▶ EXERCISE DETAILS
Omitting all images, output the entries that follow exactly as written.

**** DATA SUPPLIED

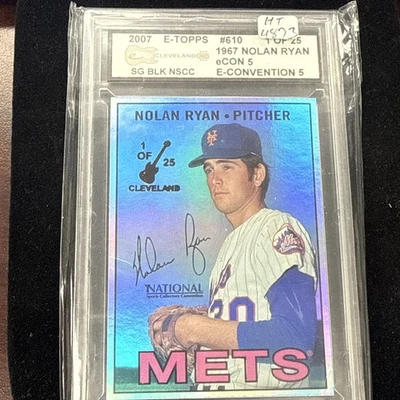 2007 E-TOPPS 1967 NOLAN RYAN ECON 5 E-CONVENTION 5 1 OF 25 CLEVELAND - Image 1 of 2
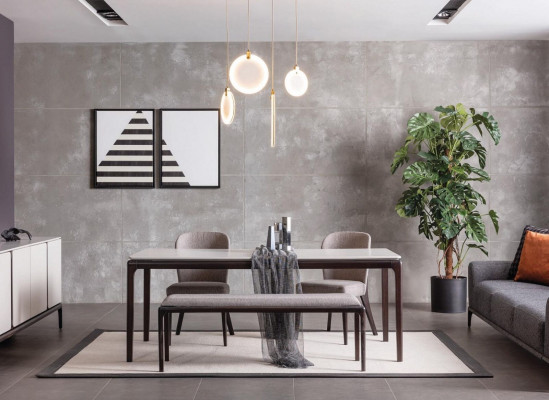 Esszimmer Set Tisch 2x Stühle Anrichte Spiegel Bank 6tlg Essgruppe Neu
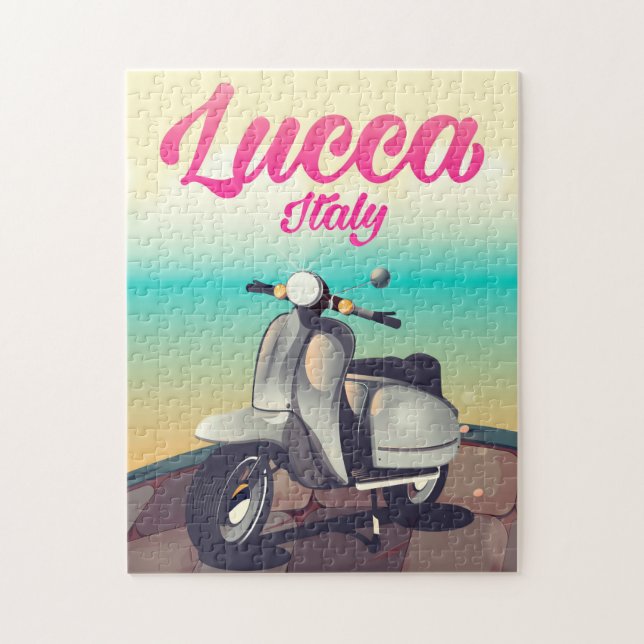Puzzle Affiche de voyage à Lucca Italie en scooter. (Vertical)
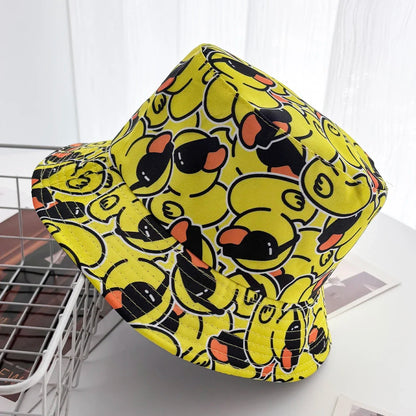 Cartoon Duck Printed Reversible Bucket Hat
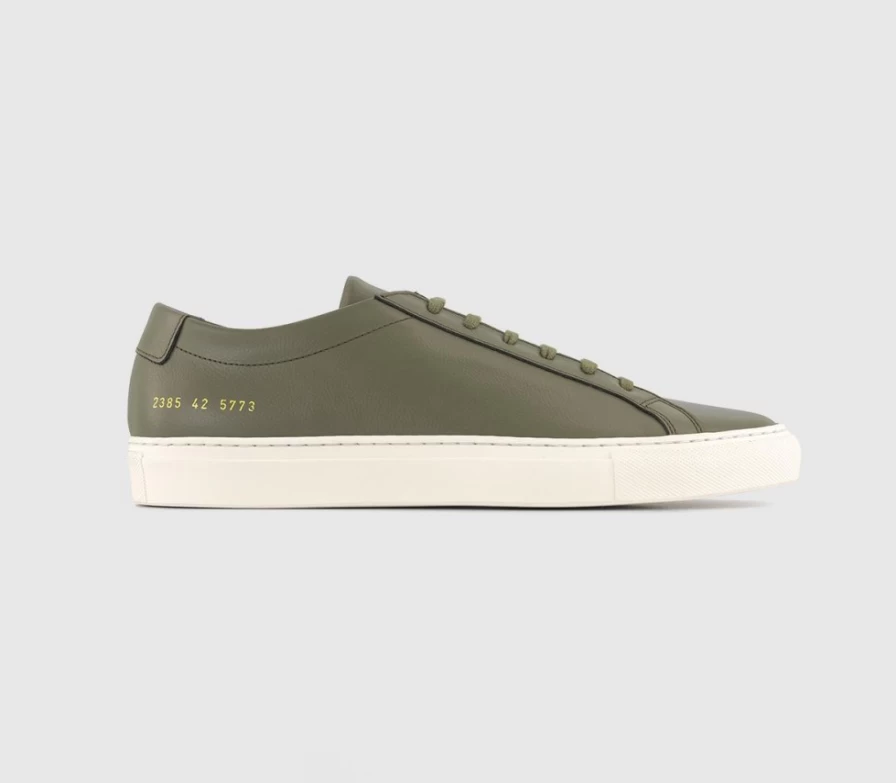 Common Projects Men's Achilles Low Top Sneakers in Army Green with Contrast Sole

********

▶ ANSWER SECTION
 2007 E-TOPPS 1967 NOLAN RYAN ECON 5 E-CONVENTION 5 1 OF 25 CLEVELAND - Image 1 of 2
 Esszimmer Set Tisch 2x Stühle Anrichte Spiegel Bank 6tlg Essgruppe Neu
Puzzle Affiche de voyage à Lucca Italie en scooter. (Vertical)
 Cartoon Duck Printed Reversible Bucket Hat
 Common Projects Men's Achilles Low Top Sneakers in Army Green with Contrast Sole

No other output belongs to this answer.